Сталинским курсом | страница 83



Стоявший рядом со стекольщиком Сенченко с выражением полнейшего безразличия на лице цедит сквозь зубы:

— Товарищ, ради Бога, скажи, как дела на фронте. Мы ничего не знаем.

Стекольщик с таким же деланно бесстрастным видом, как будто речь идет о заклейке окна, прошептал:

— Киев, Харьков, Донбасс, почти вся Украина заняты немцами. Они уже под Москвой, Ленинград в блокаде.

Больше ничего. Окно замазано. Дверь снова на замке. Боже, что творилось в камере! Все кипело, бурлило, бушевало! Камера напоминала муравейник, на который наступила нога человека. Гнев и возмущение, злоба и бешенство охватили всех. Ах негодяи, ах мерзавцы! Столько лет втирать очки, превозносить мощь нашей армии, ее оснащенность сверхсовременным оружием, и вдруг такой позор! Огромная территория, в том числе почти вся Ук — раина, опустошена, разорена, отдана немцам. Вот они, плоды сталинской бездарной политики!

Рушились последние надежды на скорое освобождение из заключения. В душу закрадывалось опасение, как бы обозленное неудачами на фронте сталинское руководство не продлило сроки нашего пребывания в заточении. Одновременно нарастала тревога за оставленных на Украине близких.

Глава XXXII

Допросы товарищей

В нашей камере был заведен такой порядок — кто бы ни возвращался от следователя, должен рассказать всем о ходе следствия, поведении следователя. Мы не делали никаких секретов из личного дела и охотно делились подробностями следствия. Все доверяли друг другу, и, если обнаруживалось, что следователь выказывал себя сущим идиотом, то насмешек не скрывали. О нескольких таких следователях стоит рассказать.

Как-то вернулся с допроса Преображенский, тихий скромный зек, работавший на воле бухгалтером.

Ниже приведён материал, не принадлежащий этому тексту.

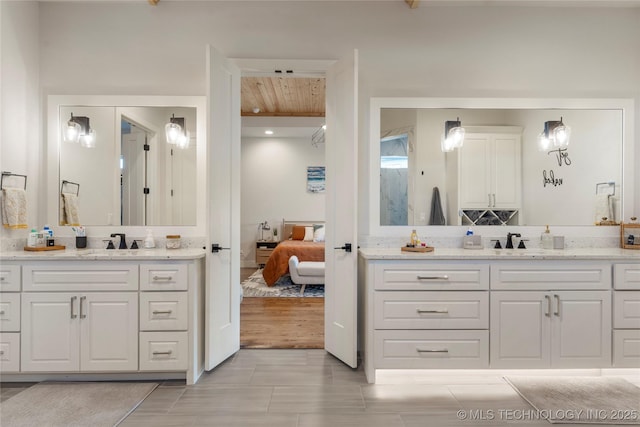 full bath featuring a sink, two vanities, and ensuite bathroom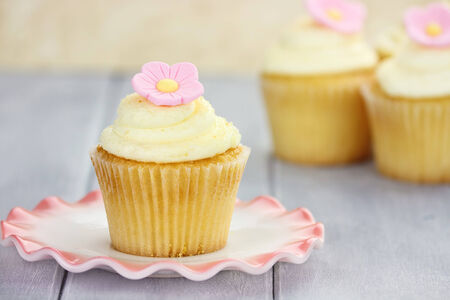 Pretty yellow and pink cupcakes with extreme shallow depth of field with antique dishes.の写真素材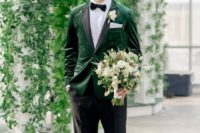 an elegant groom’s look with an emerald velvet blazer with black lapels, a bow tie and black shoes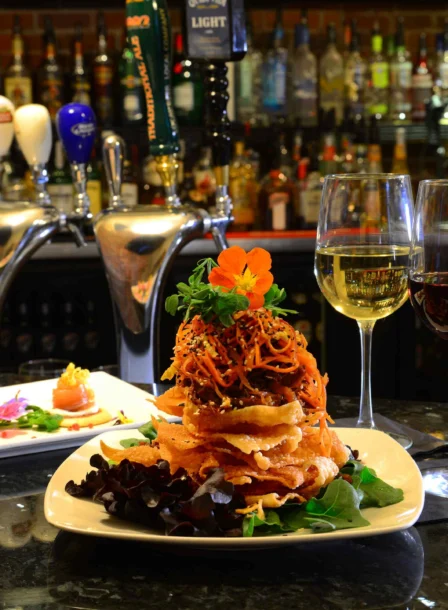 Family enjoys gourmet meal at cosy hotel bar with wine and appetisers.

— Ну, ну, рассказывайте, что вам пришивали на следствии!

— Да что рассказывать? Это даже не комедия, а настоящий фарс, ей-богу. Вы вряд ли мне поверите. Но начну с начала. Захожу в кабинет. Сидит против меня в военном мундире простецкий парень. Ни дать, ни взять парубок, крепкий, налитой. Ему бы за плугом ходить, а не сидеть в кабинете и сушить себе мозги непривычным делом. После обычных формальностей следователь Евсюков задает мне вопрос: «Ты знаешь, за что сидишь?» — «Понятия не имею». — «Ну, так вот что! Ты обвиняешься в том, что пятого сентября 1904 года родился в семье священника!»

Я ожидал какого угодно обвинения, вплоть до покушения на Сталина, но к такой глупости не был подготовлен.

«Чего же молчишь? — нарушил тишину следователь. — Признаешь себя виновным?»